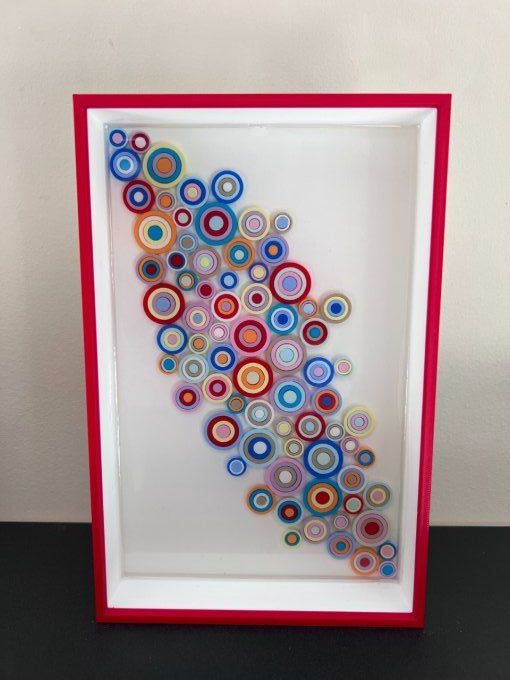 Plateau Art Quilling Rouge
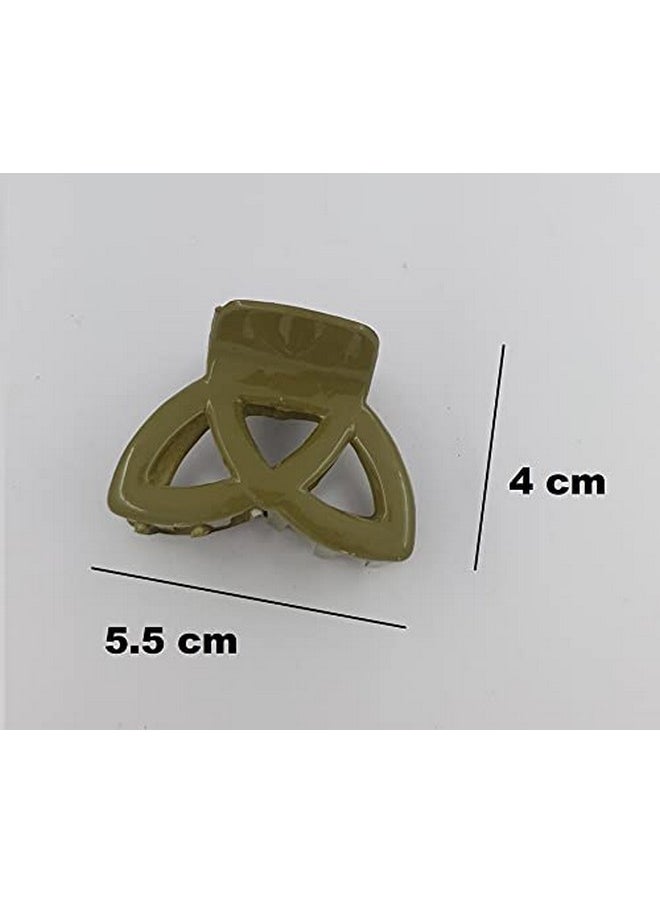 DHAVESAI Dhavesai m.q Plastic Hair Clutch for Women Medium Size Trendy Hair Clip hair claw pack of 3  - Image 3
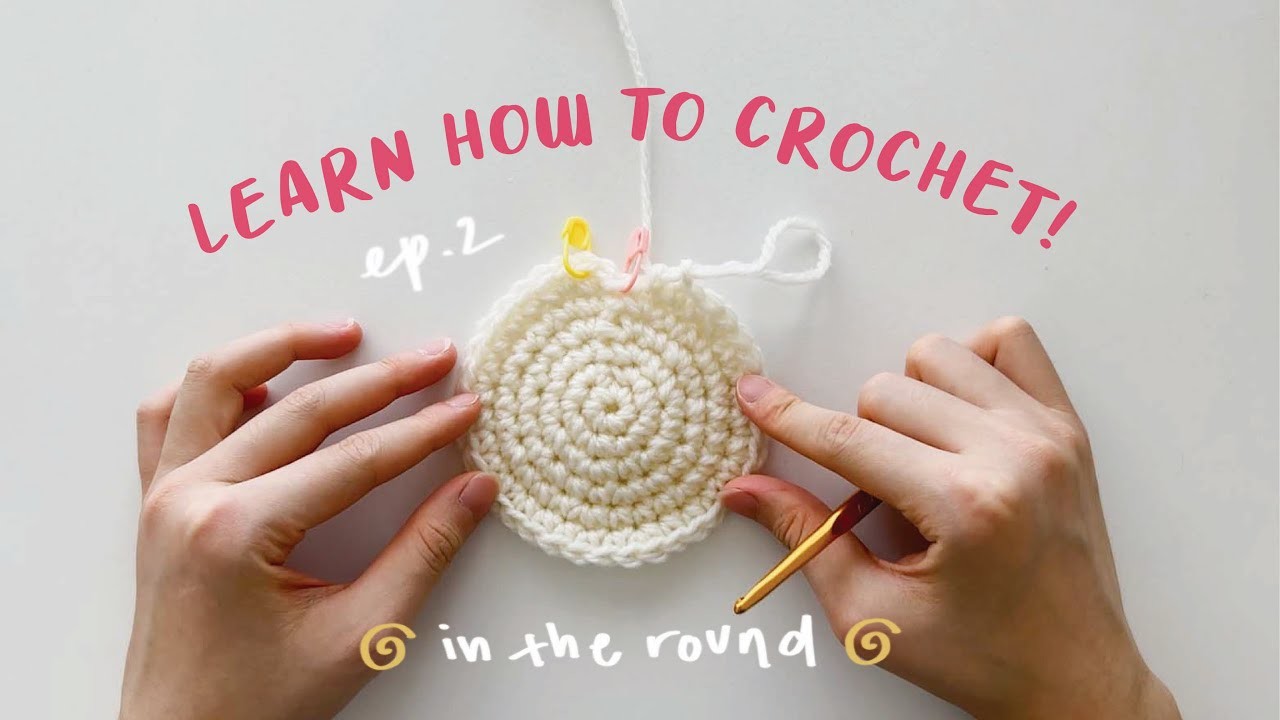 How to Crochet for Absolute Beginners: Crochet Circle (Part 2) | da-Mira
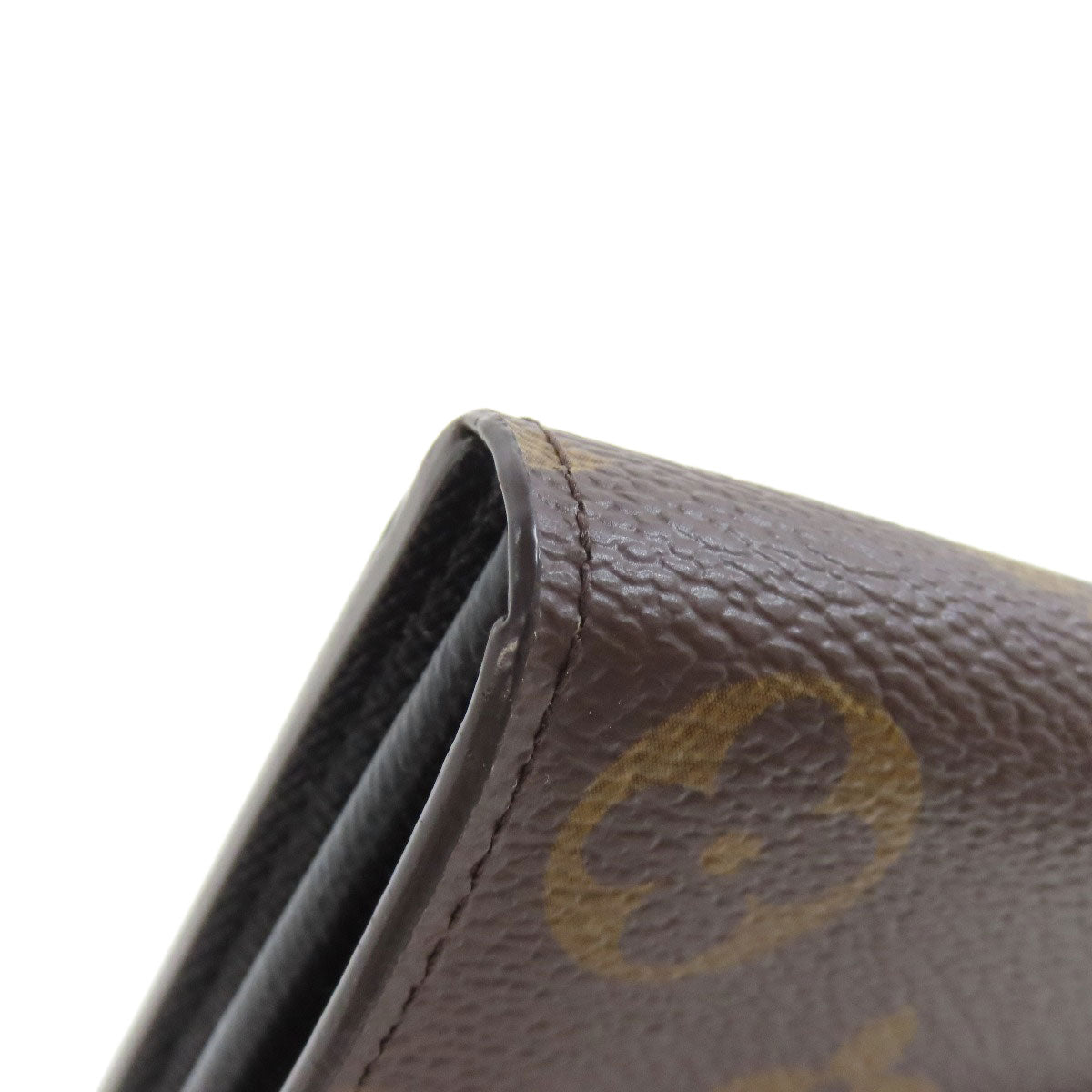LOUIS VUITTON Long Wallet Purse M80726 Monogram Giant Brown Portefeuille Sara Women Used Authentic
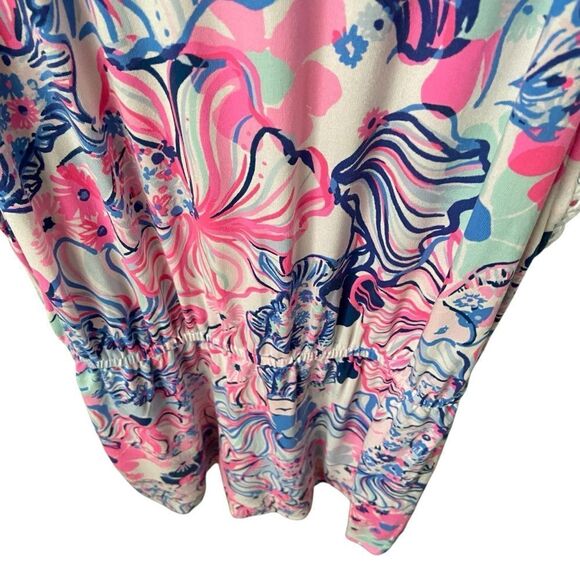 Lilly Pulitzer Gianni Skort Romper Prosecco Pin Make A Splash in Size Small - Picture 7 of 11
- - - - - - -
▶ **Exercise**
Where an entry contains an image, skip the image and write out the rest exactly.

▶ **Output of the task**
 Plateau Art Quilling Rouge
 DHAVESAI Dhavesai m.q Plastic Hair Clutch for Women Medium Size Trendy Hair Clip hair claw pack of 3  - Image 3
 How to Crochet for Absolute Beginners: Crochet Circle (Part 2) | da-Mira
LOUIS VUITTON Long Wallet Purse M80726 Monogram Giant Brown Portefeuille Sara Women Used Authentic
 Lilly Pulitzer Gianni Skort Romper Prosecco Pin Make A Splash in Size Small - Picture 7 of 11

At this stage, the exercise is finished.